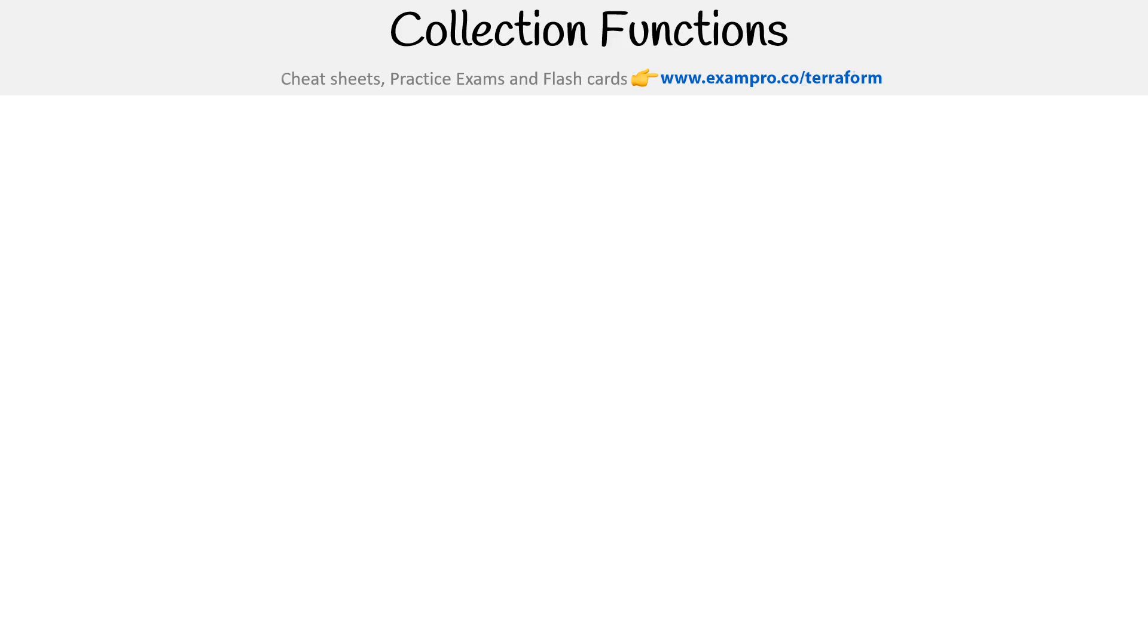We're on to collection functions, and these are the most powerful built-in functions. There's a lot of them, and I made sure to give you an example for each one because I really do want you to know these, because this is the power of Terraform.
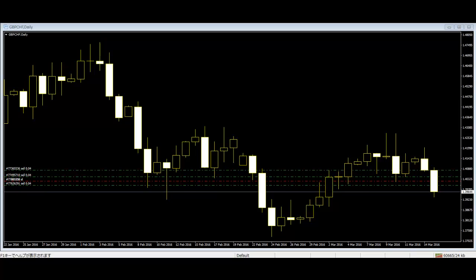Falling Window is a window that is created when the high of the second candlestick is below the low of the preceding candlestick. It is expected that the window should be filled with a probable resistance.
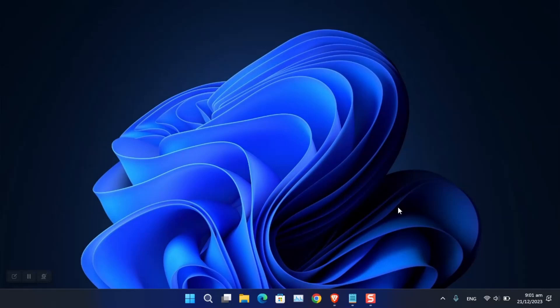Hello everyone, I am Olam Abbas. I hope you guys are doing well. In this video I'm going to show you how to change the DNS of your Windows 10 or Windows 11 using different methods. So let's start.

Your objective: Every line of the listing above is to be retyped exactly, but the pictures are to be dropped.

Exercise answer:
We're on to collection functions, and these are the most powerful built-in functions. There's a lot of them, and I made sure to give you an example for each one because I really do want you to know these, because this is the power of Terraform.
Falling Window is a window that is created when the high of the second candlestick is below the low of the preceding candlestick. It is expected that the window should be filled with a probable resistance.
Hello everyone, I am Olam Abbas. I hope you guys are doing well. In this video I'm going to show you how to change the DNS of your Windows 10 or Windows 11 using different methods. So let's start.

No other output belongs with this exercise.